My Impressions: Who knew that Caroline Cooney, author of the beloved Face on the Milk Carton series, had started writing adult suspense?  You can see that it makes sense: the devoted fans who were teens in 1990 when Janie Johnson made her first appearance have grown up. I was not a teen then but had just got my first job in publishing as a Fellow at Bantam Doubleday Dell and thought I would wind up in children’s editorial.  I tried to ingratiate myself with Caroline Cooney’s editor, who was too busy to pay much attention to me but did give me a few manuscripts to read, of which this was one, right before it came out.   I was hooked immediately, although I still couldn’t get Beverly to remember my name or give me a job.  I wound up in the sales department which may have been a better use of my degree.

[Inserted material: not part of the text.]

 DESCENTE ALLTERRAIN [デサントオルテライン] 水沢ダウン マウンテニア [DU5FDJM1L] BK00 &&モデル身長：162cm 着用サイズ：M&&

I came across this ARC at Midwinter ALA, a conference for librarians in Philadelphia in February, saw the author’s name and snatched it happily without even looking at the description.  Later, I was unsure a retirement community in South Carolina was a sufficiently riveting setting, so did not read it right away but I should have remembered that Cooney’s trademark combination of humor and realism would immediately capture my interest.  Clemmie may be a senior citizen but the situation she finds herself in feels universal – an impulsive picture taken on a cell phone that is shared with the wrong person – although the result is not usually murder.   In some of Cooney’s books, the crimes are violent but take place at a distance or seem unreal.  Here, what happened in the past not only seems disturbingly vivid but arouses anger in the reader that makes her root for Clemmie’s happiness, not to mention that she avoid being killed by any bad guys. 

Cooney hasn’t lost a step since I last read one of her books and after checking her website (which notes that like Clemmie, she has moved to South Carolina; I doubt she is liking the politics there) I see there are a few I missed.   In addition to the Janie series, another of my favorite Cooneys is The Party’s Over, about a teen who does not go to college after finishing high school, which fans of Emily of Deep Valley would enjoy.

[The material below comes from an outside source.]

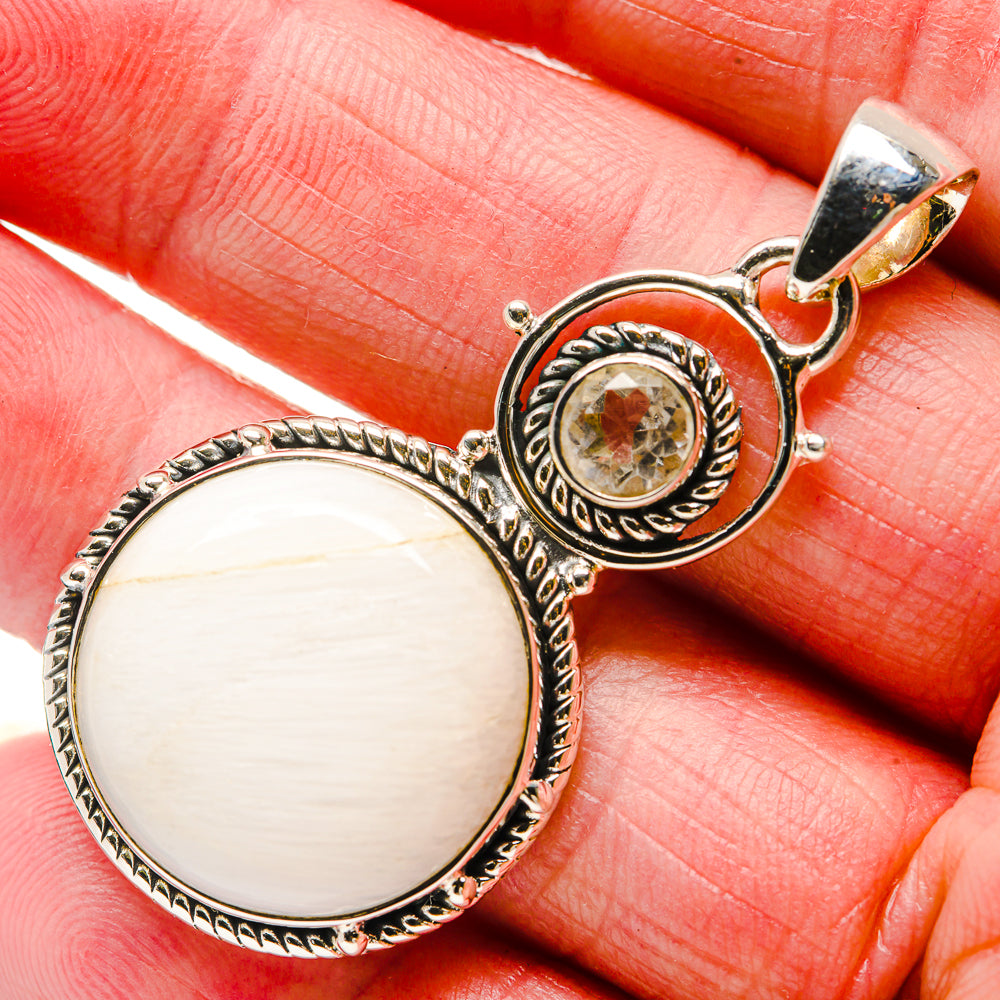 White Scolecite, White Quartz Pendants handcrafted by Ana Silver Co - PD18284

Purchase Links: Poisoned Pen * Barnes & Noble * IndieBound * Book Depository * Amazon
Coincidence:  Cooney was born in Geneva, NY, which is where the heroines of Emmy Keeps a Promise, a recent review, are from.  Throughout the book, snobs keep assuming they mean Switzerland and both Arabel and Emmy get tired of saying they are from upstate New York.   Manhattanites still have a tendency to think their part of the state is the only part, as demonstrated on one of Governor Cuomo’s recent press conferences.

Source: I received an advance reading copy of this book from the publisher for review purposes.   It has now been moved from May to September 2020 but you can still preorder or request your library to purchase it.

1 comment:

Test said...

The thing that sticks with me most about this was a random comment after Clemmie's hand is cut when she is being held hostage. She claims she cut it on a can, because you always tell yourself "I am NOT going to cut myself" and then you do. I think of this every time I open a can now! Loved this one.